Ayrıca genetik düzeyde, EWSRI genindeki (22q12.2) translokasyonların veya ERG, ETV1, FLI1 ve NR4A3 genlerindeki genetik varyantların varlığı, hastalığın gelişimi için ek risk faktörlerinin konusu olabilir. .

Önleme ve tedavi

Ewing sarkomunun teşhisi, hastada karakteristik semptomların varlığı ile ayırıcı tanıya dayanır.

Doktorun ağrılı ve şişmiş bölgeleri analiz etmesinin ardından genellikle bir röntgen reçetesi verilir. Manyetik Akıl Yürütme Görüntüleme (MRI) ve hatta taramalar gibi diğer tıbbi görüntüleme sistemleri de kullanılabilir.
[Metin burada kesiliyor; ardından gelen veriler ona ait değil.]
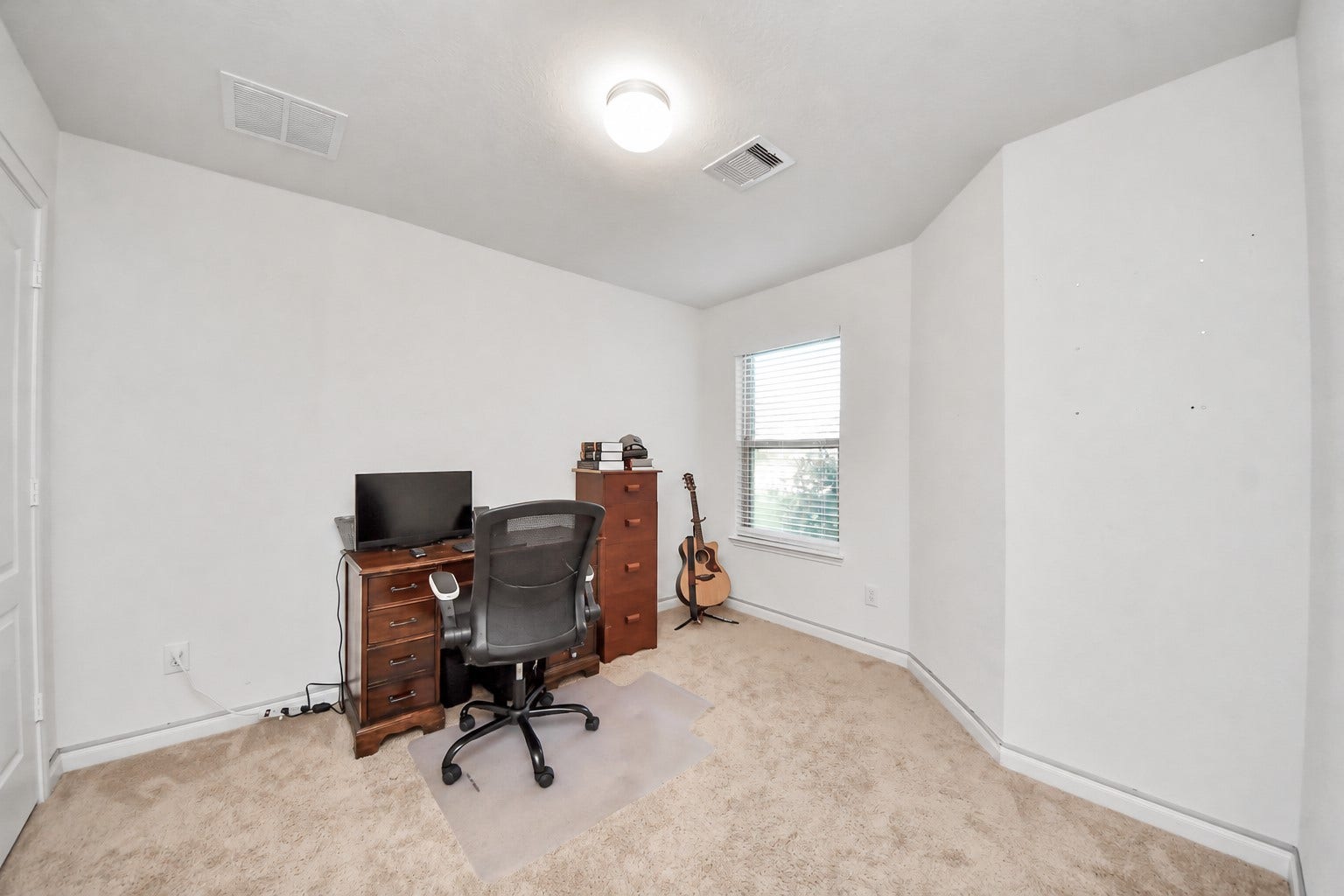 5924 Bluebonnet Lane, Rosenberg, TX 77469 Guest bedroom 1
Teşhisi doğrulamak veya doğrulamamak için bir kemik biyopsisi de yapılabilir. Bunun için bir kemik iliği örneği alınır ve mikroskop altında analiz edilir. Bu tanı teknikleri genel veya lokal anestezi sonrası yapılabilir.

Tedavinin hızlı bir şekilde yapılabilmesi ve dolayısıyla prognozun daha iyi olması için hastalığın teşhisinin bir an önce yapılması gerekmektedir.

 Ewing sarkomunun tedavisi, diğer kanserlerin genel tedavisine benzer: (2)

  • cerrahi, bu tür sarkomları tedavi etmenin etkili bir yoludur. Bununla birlikte, cerrahi müdahale tümörün boyutuna, konumuna ve yayılma düzeyine bağlıdır. Ameliyatın amacı, tümör tarafından hasar gören kemik veya yumuşak doku parçasını değiştirmektir. Bunun için etkilenen bölgenin değiştirilmesinde metal protez veya kemik grefti kullanılabilir. Aşırı durumlarda, kanserin nüksetmesini önlemek için bazen uzuv amputasyonu gereklidir;
  • kemoterapi, genellikle ameliyattan sonra tümörü küçültmek ve iyileşmeyi kolaylaştırmak için kullanılır.
  • radyoterapi de sıklıkla kemoterapiden sonra, tümörün boyutunu küçültmek ve nüks riskini önlemek için ameliyattan önce veya sonra kullanılır.